Have a look too at the Combiner-Class, which is the local Reducer. It means that you can aggregate (reduce) already in memory over partial data emitted by map. Very nice example is the WordCount-Example. Map emits each word as key and its count as 1: (word, 1). The Combiner gets partial data from map, emits (, ) locally. The Reducer does exactly the same, but now some (Combined) wordcounts are already >1. Saves bandwith.

Leonidas
As far as I can tell; OP is asking about "Having multiple reducer implementations" and you're talking about "Multiple instances of the same reducer code". Which is something completely different.
Niels Basjes
A: 

Are you expecting every reducer to work on exactly same mapped data? But at least the "key" should be different since it decides which reducer to go.

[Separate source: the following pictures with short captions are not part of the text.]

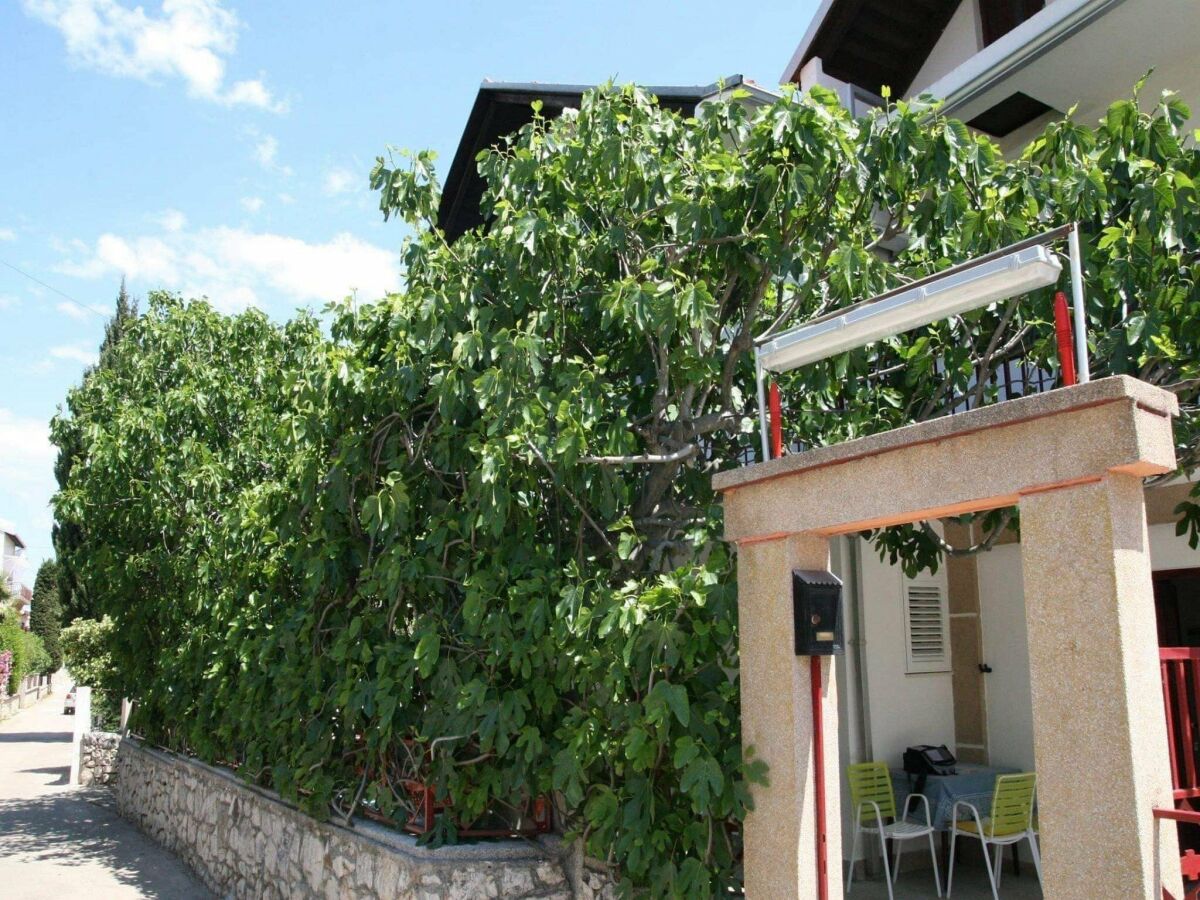 Apartment Apartments Villa Tanja - Two Bedroom Apartment with Terrace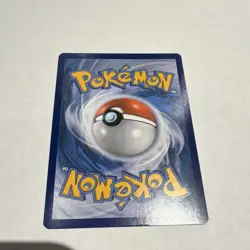 M Blaziken EX XY86 XY Promos Full Art Holo 210 HP Promo Pokemon TCG English - Image 5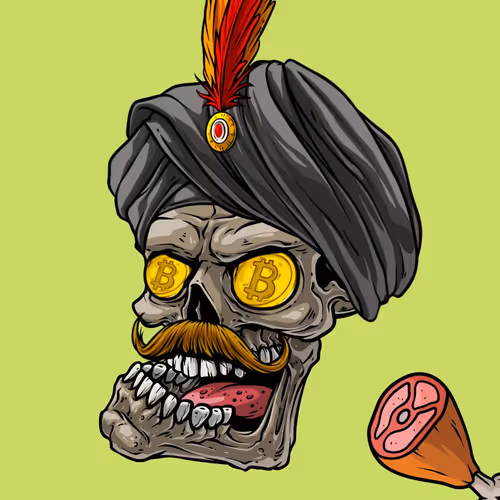 Crazyskullznft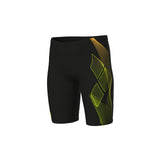 boy's arena sea water swim jammer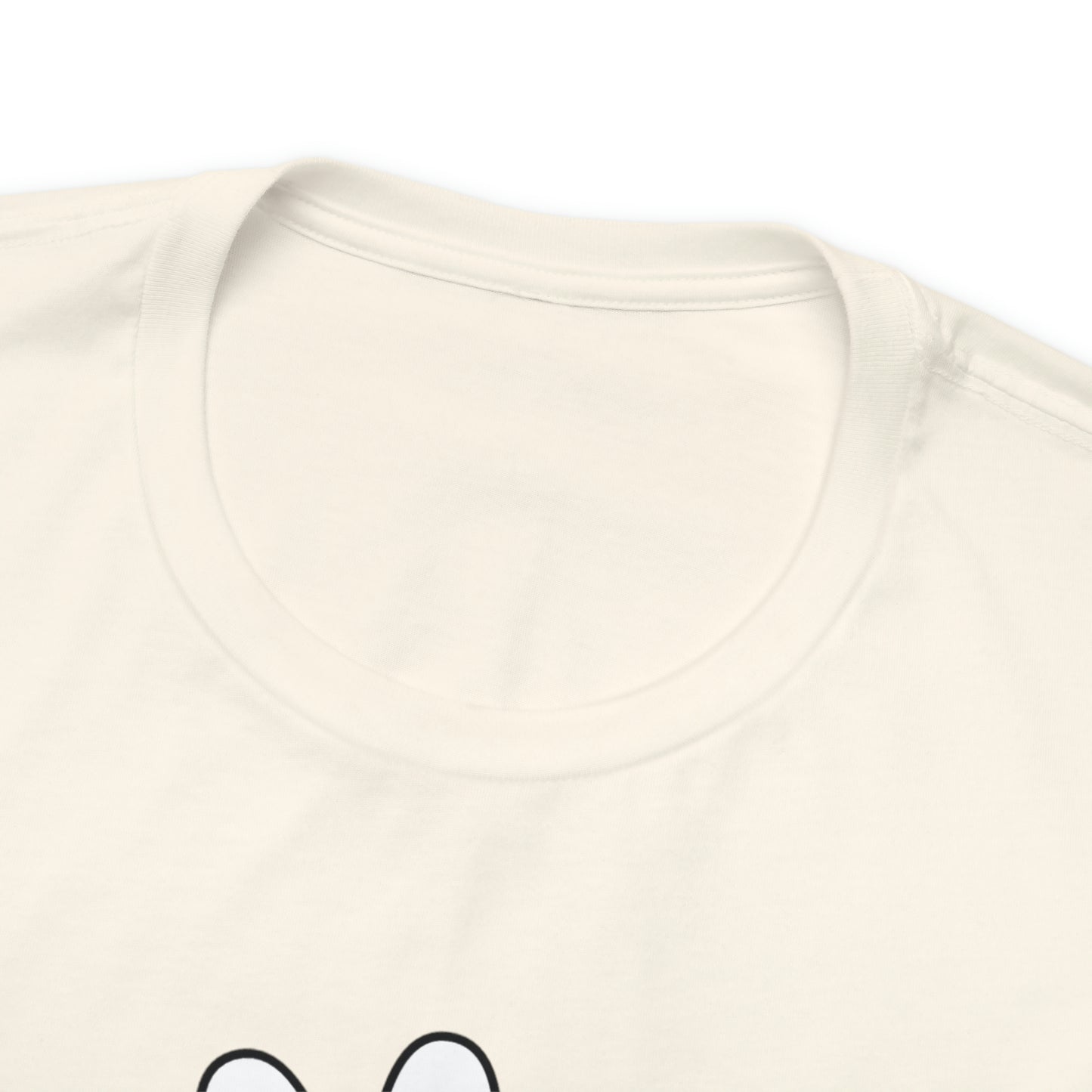 Life is great Unisex Jersey Short Sleeve Tee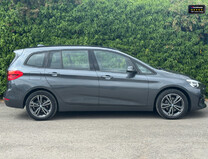 BMW 2 Series Gran Tourer 1.5 218i Sport MPV 5dr Petrol Manual Euro 6 (s/s) (140 ps) 30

You can write an output for multiple times in mapper, and output as key (where $i is for the i-th reducer, and $key is your original key). And you need to add a "Partitioner" to make sure these n records are distributed in reducers, based on $i. Then using "GroupingComparator" to group records by original $key.

It's possible to do that, but not in trivial way in one MR.

Victor
but if I add a new key to the output with the `context.write()` method it will multiple the data transferring from the `Mapper` objects. it solves only the file reading problem, not?
KARASZI István
then i'd suggest to output the mapped data as files, and use another MRs to process these files.
Victor
+2  A: 

Maybe a simple solution would be to write a job that doesn't have a reduce function. So you would pass all the mapped data directly to the output of the job. You just set the number of reducers to zero for the job.

Then you would write a job for each different reduce function that works on that data. This would mean storing all the mapped data on the HDFS though.

Another alternative might be to combine all your reduce functions into a single Reducer which outputs to multiple files, using a different output for each different function. Multiple outputs are mentioned in this article for hadoop 0.19. I'm pretty sure that this feature is broken in the new mapreduce API released with 0.20.1, but you can still use it in the older mapred API.

Binary Nerd
+1: Thank you for making me aware of the MultipleOutputs and MultipleOutputFormat functionality.
Niels Basjes
A: 

I still dont get your problem you can use following sequence:

database-->map-->reduce(use cat or None depending on requirement) then store the data representation you have extracted. if you are saying that it is small enough to fit in memory then storing it on disk shouldnt be an issue.

Also your use of MapReduce paradigm for the given problem is incorrect, using a single map function and multiple "different" reduce function makes no sense, it shows that you are just using map to pass out data to different machines to do different things. you dont require hadoop or any other special architecture for that.

map reduce is a paradigm for doing a single process faster by utilizing multiple machines, but doing different things using same data isnt map reduce.Also single map and multiple reduce dont make any sense.At most you can do is use map1->reduce1->map2(do the work)->reduce2The map2 should do the single function on multiple splits of the data.